Has anyone else had this problem and come up with a solution?

@DanielC, as long as they're providing the list in a format you can manipulate in Excel (.xls, or more likely .csv, etc.), and as long as you have at least one column in that table that clearly identifies improved properties (e.g. might be a field/column for Improved or Vacant, or maybe the assessed values are broken out into multiple columns for Land, Improvements, Other, and Total Assessed Value), then what I've done is use the Filter feature in Excel. I got an error message when trying to post this response with a link included to a webpage that explains the Filter feature in Excel, but if you're not familiar, just Google the term Excel filter and you'll find websites and videos showing what I mean.

Filter the table in Excel so only non-Vacant (Improved) properties that you want to delete are shown, and all Vacant properties you want to keep are hidden. Then just do a mass selection of all those rows that are showing, and delete them. The Filter feature can be handy for doing a batch deletion of properties that meet (or fail to meet) other criteria, too. If there's a column for it in Excel, then you can Sort or Filter by the value in that column. For example, I don't know how often we'll get this lucky, but if a county provided a list with owners' addresses broken out into multiple fields/columns, and one of those columns is "State", then you could Filter the table to only show in-state owners and delete them, if you want to.

@dl7573 Thank you for that! I will make sure to use that next time and every Excel trick helps. Unfortunately, I'm trying to figure out the process before I even purchase the list. Some counties are telling me I cannot purchase a list of vacant land only. They tell me I have to pay 50 cents per parcel for ALL delinquent parcels. However, I do not want to spend hundreds of dollars on a list when I only want the 20% or so that is vacant. Sorry I wasn't more clear!
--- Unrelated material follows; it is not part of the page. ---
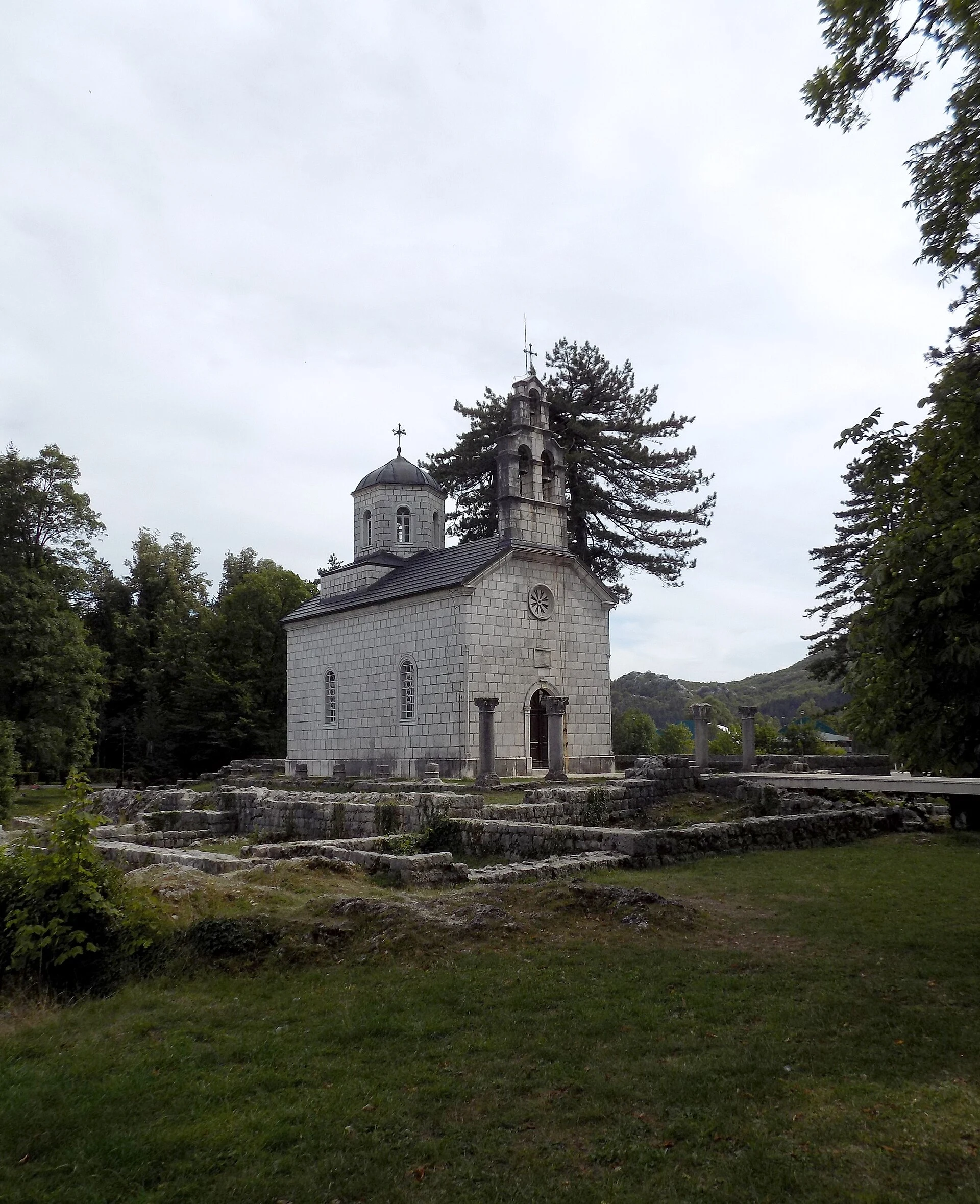 Fassade des König-Nikola-Palasts in Cetinje.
@DanielC Oh, gotcha. That stinks if they're charging per parcel. The couple of counties where I've pulled data from the Treasurer's office did so on a fixed price basis, regardless of list size so I hadn't thought about that.

I agree that if you're paying per lead, they should really filter it how you need it, within reason, and eliminating based on Improved/Vacant is certainly reasonable. Of course, they're government employees and you're not really going to be able to make them do something they don't want to do.
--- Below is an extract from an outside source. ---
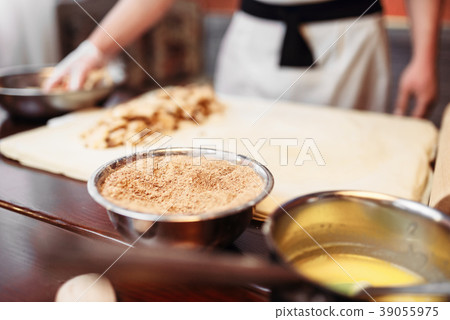 Chef cooking strudel, pastry ingredients Chef cooking strudel, pastry ingredients 39055975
In your shoes, I might try politely pointing out that based on their policy of charging per parcel, this list would end up costing you a lot more, while giving you a ton of parcel listings that you're not interested in. If that doesn't motivate them to address it on their end, then as a last ditch effort, I'd probably offer to filter it for them on my end after receiving the list (per my previous post) and ask if they would agree to only charge me for the Vacant parcels on that filtered list. Worst they can do is say no (to both).
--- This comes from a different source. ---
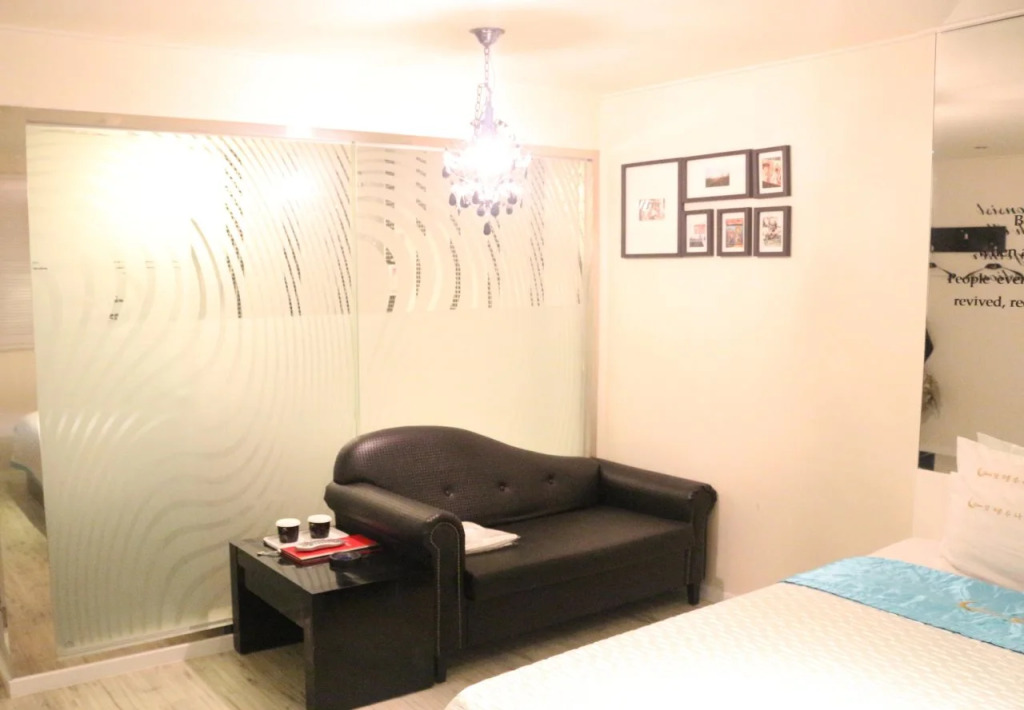 Luna Motel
@DanielC One more thought...Just spit-balling here, and this might be a bit awkward to work out, but maybe under the right circumstances you could find another real estate investor who is exclusively interested in Improved lots in the same area (fix-and-flipper, residential landlord, etc.), and would be willing to split the prorated cost of the list with you, where you cover the cost of the vacant parcels and they cover that of the improved ones. Again, I recognize this approach might be iffy, because unless you had a strong existing relationship, I don't imagine most large and well-established wholesale/investor operations would probably want to team on pulling a list with some random person to save a few hundred bucks on leads, that they're likely already sourcing from somewhere anyway. Also, you definitely don't want to share the list with someone that might be just as happy to flip vacant parcels as houses (like maybe some wholesalers would). But if you could find someone who is at a comparable stage, or earlier, than you or I are at in their RE investing career, and is not at all interested in vacant land, maybe there'd be a good fit. Might try finding someone like that through the local REIA/Meetup or BiggerPockets.

Try a third party data provider like Data Tree or Agentpro.

Just wondering, why not just move away from the county to a next one? In the master class Seth says that if a list costs him more then 500 dollars he usually moves one.